Companion guides to fantasy worlds have had a fairly mixed rep, with Terry Pratchett's various Discworld companions being excellent, Robert Jordan's Wheel of Time one being reasonable (atrocious art aside), Raymond Feist's being terrible and the various Tolkien ones being all over the place in quality. The World of Ice and Fire is definitely one of the better ones. The artwork is superb, the amount of new information for dedicated fans is almost overwhelming and the attempt to give the text an in-universe origin (a young maester writing a brief primer on the world for the notoriously impatient King Robert Baratheon) makes for a less dry reading experience than it might have been. There are negatives, some of them significant, but this is certainly required reading for a dedicated ASoIaF fan. Fans of the TV series will also likely find much to enjoy here, but it is not a given that the information in the book will also be canon for the TV show.

The book is divided into several sections. The first deals with the history of Westeros and Essos, initially focusing on the ancient history and mythology of the series before the arrival of Aegon the Conqueror. There is a very lengthy section dealing with the reigns of the Targaryen kings and the various challenges and conflicts they faced, ranging from a religious uprising to the devastating dynastic conflict known as the Dance of Dragons to several ill-fated attempts to invade Dorne to Robert Baratheon's rebellion that forms the immediate backstory to the novels.
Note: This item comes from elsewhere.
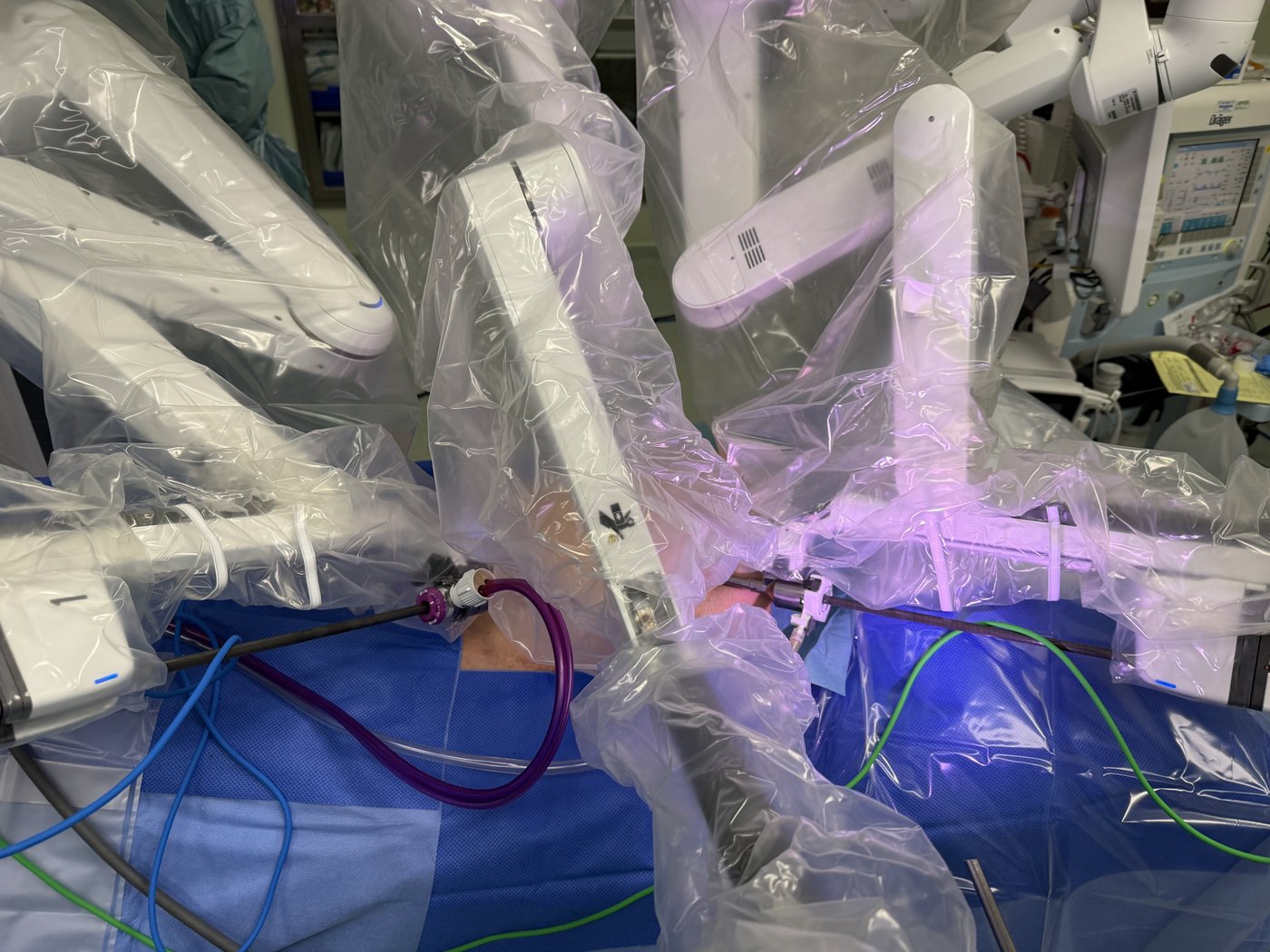 Da Vinci robotic surgical arms operating through tiny incisions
The rest of the book is dedicated to exploring the world itself, from the individual regions of Westeros to the Free Cities and very distant places like Sothoryos, Asshai and the Thousand Islands. The book's conceit is that the young Maester Yandel (Garcia and Antonsson) has written the book a sort of Rough Guide to Westeros and Essos, whilst drawing on material from Master Gyldayn (Martin). Gyldayn is regarded as more authoritative but excerpts from his work are rare, since they were destroyed in the fire at Summerhall. However, he does give us some of the more evocative moments in the book, such as his detailed account of Aegon's Conquest.
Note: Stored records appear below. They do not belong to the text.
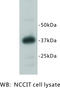 RRAD And GEM Like GTPase 2 antibody, MBS355129, MyBioSource, Western Blot image 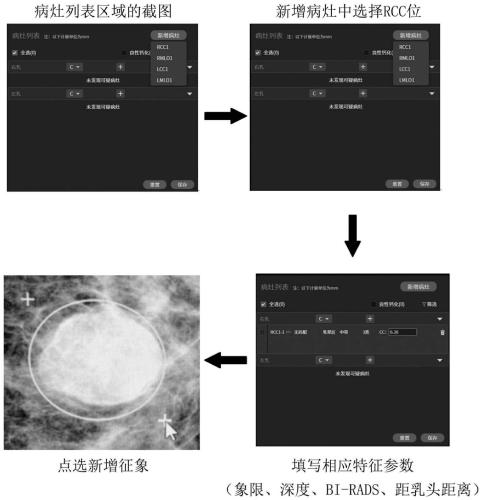 Gland medical image display method, interaction method, and storage medium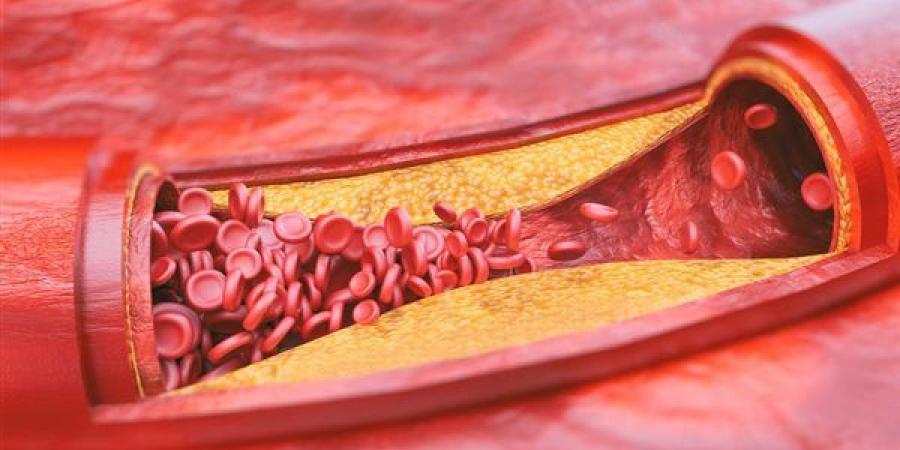 عوامل مختلفة تؤدى إلى الإصابة بتصلب الشرايين، تعرف عليها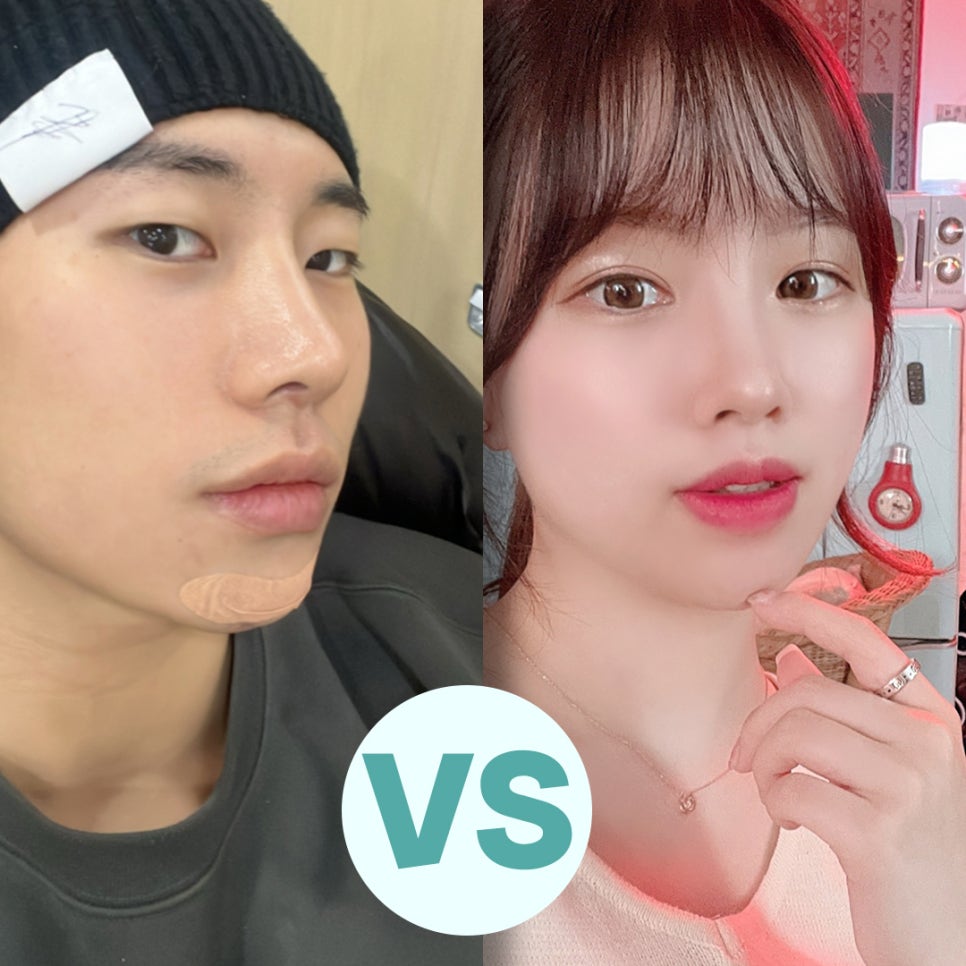 남자코성형후기 기능에 대해 알아보고 관련 이미지 9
The general prose style is reasonable, although prone to repetition. It is not uncommon to see a phrase used and then re-used just a few paragraphs later. It is a common writing mistake, but it's unusual to see it happen quite so often in a book which had a much longer editing period than most. The other problem is that Yandel likes to cover almost every claim in the book with lengthy caveats. Things that happened long ago are unreliable because of the time that's passed and things that happened more recently are unreliable because different historians have different takes on the subject, informed by their biases and political leanings. Clearly Martin and his co-authors want to avoid nailing things down too decisively in case he changes his mind for future novels, and in the case of the ancient mythology and pre-history stuff that's understandable, but for more recent events it's a little more frustrating. We certainly still get a lot of new information - the Targaryen family tree alone swells to a huge size with the influx of new names and characters in this book - but how much of it is 100% reliable is left up in the air. However, the book does sometimes treat this with a nod and wink: by sometimes describing an event as mythological or untrue, but when combined with the reader's knowledge of the novels it becomes clearer what conclusions the reader is being directed to.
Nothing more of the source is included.